For efficient targeted sequencing for research and diagnostic purposes, capture of DNA or RNA sequence with high specificity is critical. In this study, we presented an improved targeted DNA sequencing approach by using a strategy of two rounds of hybrid selection. Relative to our previous and other reports about the target specificity [9,10,11,12,13,14,15], the present approach significantly increases the efficiency of target enrichment. A previous study also used a similar strategy, but captured small, non-continuous and less complex genomic intervals (<20 kb) with array-based synthesized probes [26]. We also demonstrate high accuracy and reproducibility of the dCATCH-Seq method in DNA methylation quantitative analyses.

Owing to different design and purpose on capturing genomic regions, a comparison of the dCATCH-Seq method with other target enrichment platforms, e.g. exome enrichment, is generally inappropriate. Given that the enrichment technique for some commercial target enrichment platforms [7], including TruSeq (Illumina), SureSelect (Agilent), SeqCap (Roche NimbleGen), xGen (IDT), MYbaits (MYcroarray) and FleXelect (FlexGen), is similar with the dCATCH-Seq, all based on the hybrid capture, we speculate that the strategy of two-round hybridization approach might be plausible for these hybridization-based target enrichment platforms regardless of target size.

Capture of the entire MHC region by dCATCH-Seq with high efficiency is one of the most promising applications in this study. Because this region is broadly associated with numerous diseases, including cancers [27,28,29], autoimmune [30,31,32] and infectious diseases [33], etc. Diverse genetic interactions among MHC, Killer-cell Immunoglobulin-like Receptors (KIRs) and T-cell Receptors (TCRs) are also reported in human populations [34,35,36].

Several additional efforts could be taken to extend the application of our method with other techniques, such as targeted RNA-seq [37], single cell targeted sequencing [38], hybrid capture of viral or transgene integration sites in host genomes [39], enrichment of the human ancient DNA extracted from archaeological samples (e.g., bones) [40], cross-species DNA capture of ultraconserved elements (UCEs) or mitochondrial genomes for phylogenomic studies [41,42,43]. Conversely, the double capture approach is probably also useful for negative selection to remove unwanted molecules or by-products, such as contaminating DNA within a sample.
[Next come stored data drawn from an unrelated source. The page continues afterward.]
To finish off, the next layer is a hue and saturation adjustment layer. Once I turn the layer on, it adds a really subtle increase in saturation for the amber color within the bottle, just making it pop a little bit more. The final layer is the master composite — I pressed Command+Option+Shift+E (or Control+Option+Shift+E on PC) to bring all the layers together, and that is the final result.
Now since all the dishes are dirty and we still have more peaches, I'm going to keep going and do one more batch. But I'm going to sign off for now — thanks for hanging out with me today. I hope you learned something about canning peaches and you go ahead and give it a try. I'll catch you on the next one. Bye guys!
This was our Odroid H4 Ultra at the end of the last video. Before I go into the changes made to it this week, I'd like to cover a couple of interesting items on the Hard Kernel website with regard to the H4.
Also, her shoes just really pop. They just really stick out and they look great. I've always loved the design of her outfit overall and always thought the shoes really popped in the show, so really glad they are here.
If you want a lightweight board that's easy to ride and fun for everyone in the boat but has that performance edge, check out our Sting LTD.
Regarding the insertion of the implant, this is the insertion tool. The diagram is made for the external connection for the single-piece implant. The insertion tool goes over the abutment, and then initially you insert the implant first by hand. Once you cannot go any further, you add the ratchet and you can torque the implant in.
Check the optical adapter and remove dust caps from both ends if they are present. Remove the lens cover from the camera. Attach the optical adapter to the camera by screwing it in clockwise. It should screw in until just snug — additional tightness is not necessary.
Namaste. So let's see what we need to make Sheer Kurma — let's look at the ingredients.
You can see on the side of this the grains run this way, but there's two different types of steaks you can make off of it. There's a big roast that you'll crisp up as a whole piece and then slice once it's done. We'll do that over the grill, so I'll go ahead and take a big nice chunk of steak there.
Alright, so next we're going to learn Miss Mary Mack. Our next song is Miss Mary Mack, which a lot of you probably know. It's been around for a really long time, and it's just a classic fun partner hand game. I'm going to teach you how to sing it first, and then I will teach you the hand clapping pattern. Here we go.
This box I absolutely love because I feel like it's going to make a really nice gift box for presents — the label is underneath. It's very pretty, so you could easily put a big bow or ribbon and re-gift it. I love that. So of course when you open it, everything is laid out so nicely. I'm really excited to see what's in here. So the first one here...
For example, it is possible to apply the double capture approach to maximally eliminate the rRNA molecules for total RNA-seq [44]. Likewise, because there are approximately 30–50% of sequenced reads mapped to the mitochondrial genome for transposase-accessible chromatin with sequencing (ATAC-seq) technology [45, 46], the double capture strategy could be probably applicable to remove the mitochondrial DNA sequence.

Finally, some limitations remain in this study. The first limitation is the unequal coverage depth across targeted regions, which is a common issue for the target enrichment methods [7]. Two potential factors could explain this issue. One factor might be due to the usage of blocking reagents, a common and necessary strategy to reduce the background signal for hybridization-based assays. The other factor could be due to the inherent DNA sequences, including G + C content, number and types of repetitive elements across targeted regions. The second limitation is the applicability and efficiency of the double-capture strategy for low-input DNA samples, particularly when the input DNAs down to the levels of tens of nanogram. Because the low amount of DNA input will substantially increase the PCR duplicates in sequencing data and subsequently reduce the superiority for the double-capture approach. Such trade-off between PCR duplicate rates and DNA amount has also been reported in previous target enrichment method [47].

Conclusions

In conclusion, the dCATCH-Seq approach is a powerful and scalable approach to interrogate genetic and epigenetic features on genomic regions of interest, and has the potential to be further combined with other functional genomics approaches.

Methods

Cell culture and DNA extraction

GM12878 B-lymphoblast, K562 (a generous gift from Dr. Myer’s lab at HudsonAlpha Institute) and U937 cell lines (purchased from ATCC, cat. no. CRL-1593.2) were cultured in RPMI-1640 medium, supplemented with 10% fetal bovine serum (FBS), 2 mM L-glutamine and 1% penicillin-streptomycin in a 37 °C incubator with 5% CO2. Cells were collected when grown to ~90% confluence. Following three PBS washes, genomic DNA was extracted using proteinase K and phenol-chloroform method. Genomic DNA concentration was determined by Qubit fluorometer (ThermoFisher).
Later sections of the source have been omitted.